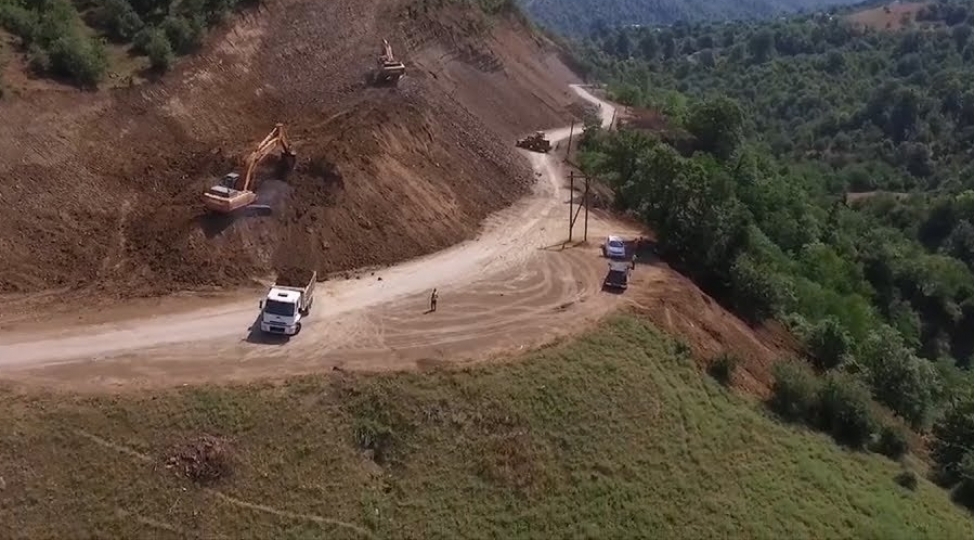 vaxtile-lenkeran-lerik-yolu-berbad-veziyyetde-oldugu-uchun-lerik-rayonuna-demek-olar-ki-turizm-axini-yox-idi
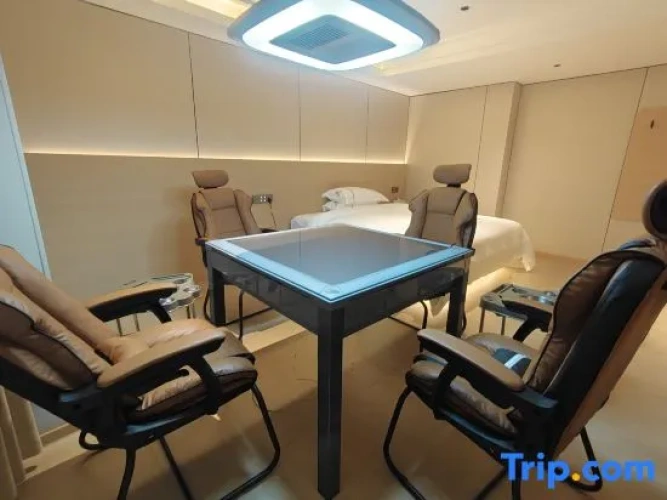 Deluxe Family Suite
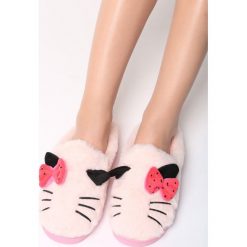 Jasnoróżowe Klapki Lonely Nights. Czerwone kapcie damskie Born2be, z materiału. Za 34.99 zł.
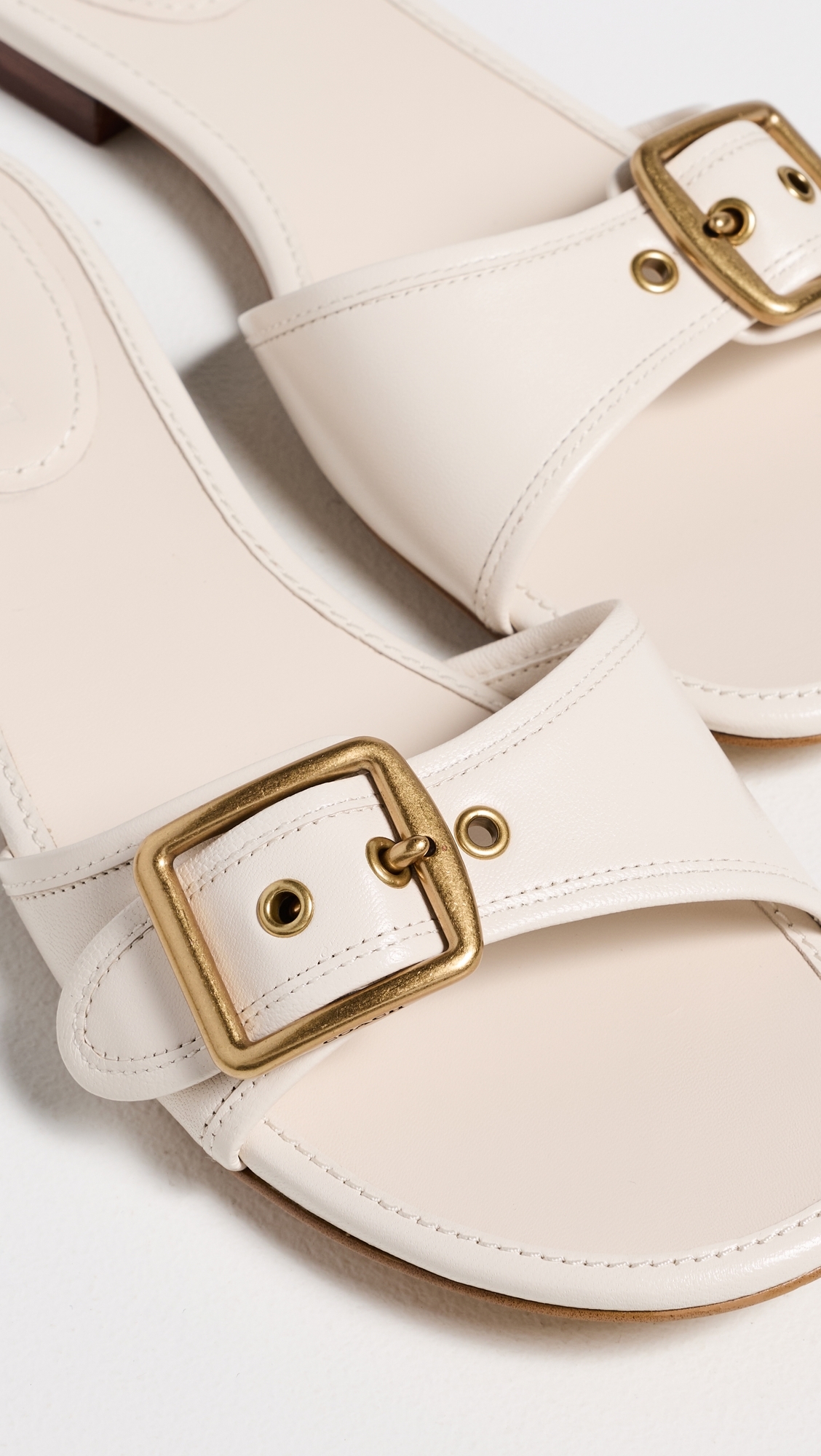 Margot Leather Flat Sandals Chalk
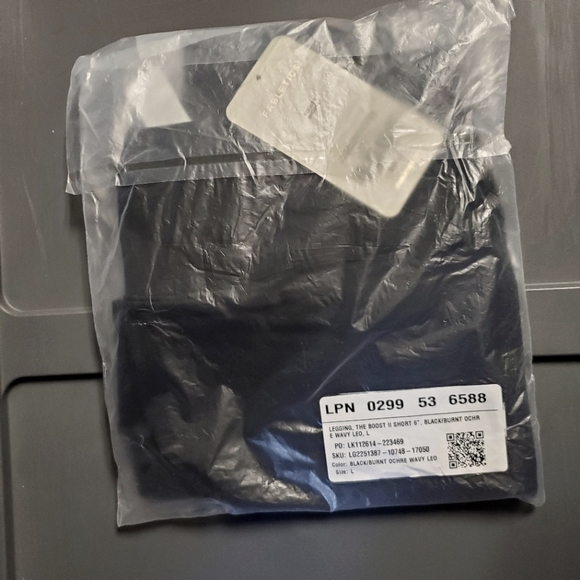 Meridian 2-Piece Outfit Fabletics Exclusive Size L (both bra & shorts) - Picture 16 of 16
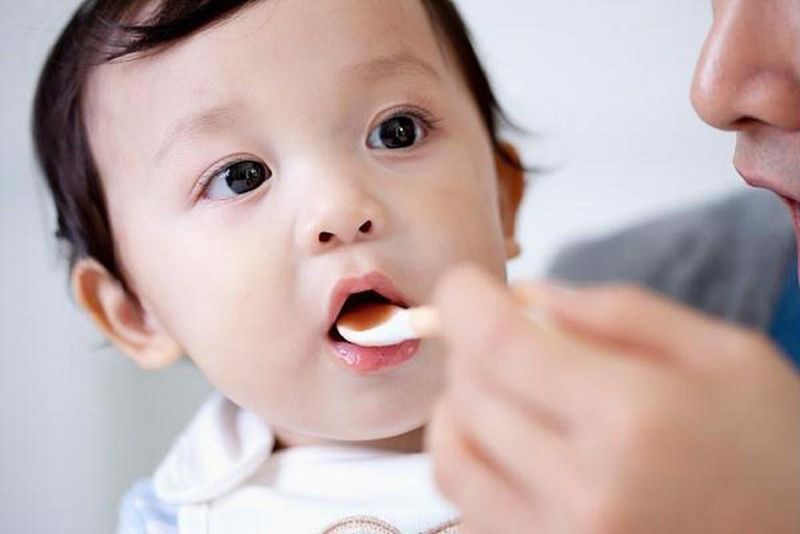 Mẹ đã biết cho trẻ uống vitamin tổng hợp vào lúc nào chưa 2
◆ ◆ ◆ ◆
▶ **TASK DETAILS**:
Please give all of the data again, exact and free of pictures.

▶ **WRITTEN ANSWER**:
 vaxtile-lenkeran-lerik-yolu-berbad-veziyyetde-oldugu-uchun-lerik-rayonuna-demek-olar-ki-turizm-axini-yox-idi
 Deluxe Family Suite
 Jasnoróżowe Klapki Lonely Nights. Czerwone kapcie damskie Born2be, z materiału. Za 34.99 zł.
 Margot Leather Flat Sandals Chalk
 Meridian 2-Piece Outfit Fabletics Exclusive Size L (both bra & shorts) - Picture 16 of 16
 Mẹ đã biết cho trẻ uống vitamin tổng hợp vào lúc nào chưa 2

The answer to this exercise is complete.